Entries supplied:
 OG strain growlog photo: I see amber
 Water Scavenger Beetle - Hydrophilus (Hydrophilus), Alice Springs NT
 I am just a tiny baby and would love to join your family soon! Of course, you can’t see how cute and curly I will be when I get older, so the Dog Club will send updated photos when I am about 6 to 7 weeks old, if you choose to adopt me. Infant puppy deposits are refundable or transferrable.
==
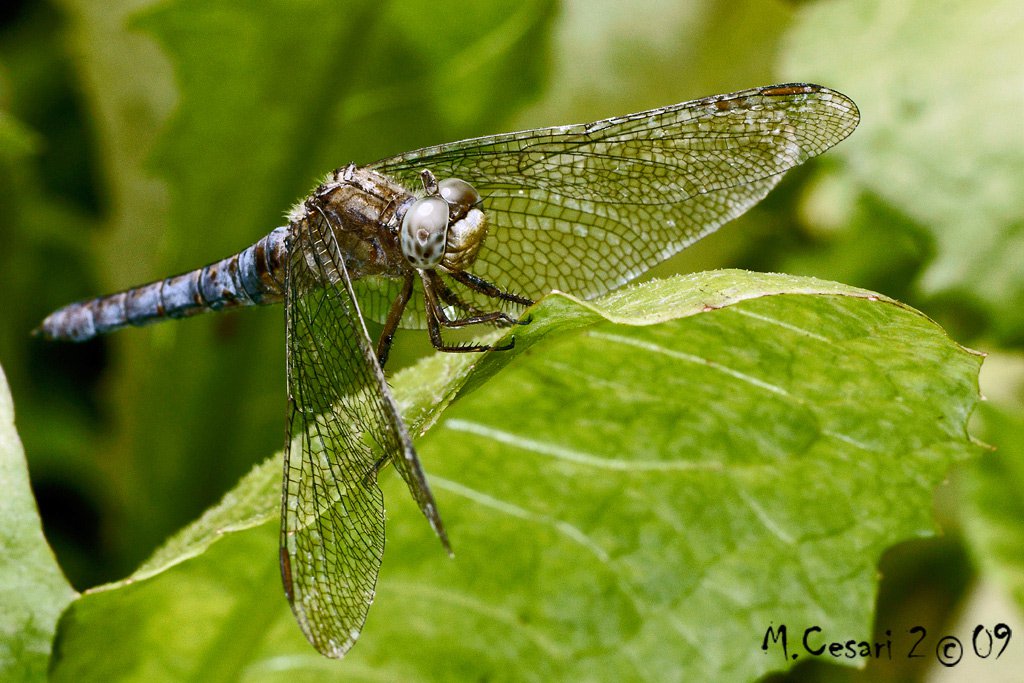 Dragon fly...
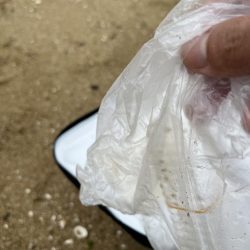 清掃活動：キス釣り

The problem:
Among the entries above, find the line with "OG strain growlog photo: I see amber" and the line with "I am just a"; give again exactly these two lines and all lines between them.

Response for this exercise:
 OG strain growlog photo: I see amber
 Water Scavenger Beetle - Hydrophilus (Hydrophilus), Alice Springs NT
 I am just a tiny baby and would love to join your family soon! Of course, you can’t see how cute and curly I will be when I get older, so the Dog Club will send updated photos when I am about 6 to 7 weeks old, if you choose to adopt me. Infant puppy deposits are refundable or transferrable.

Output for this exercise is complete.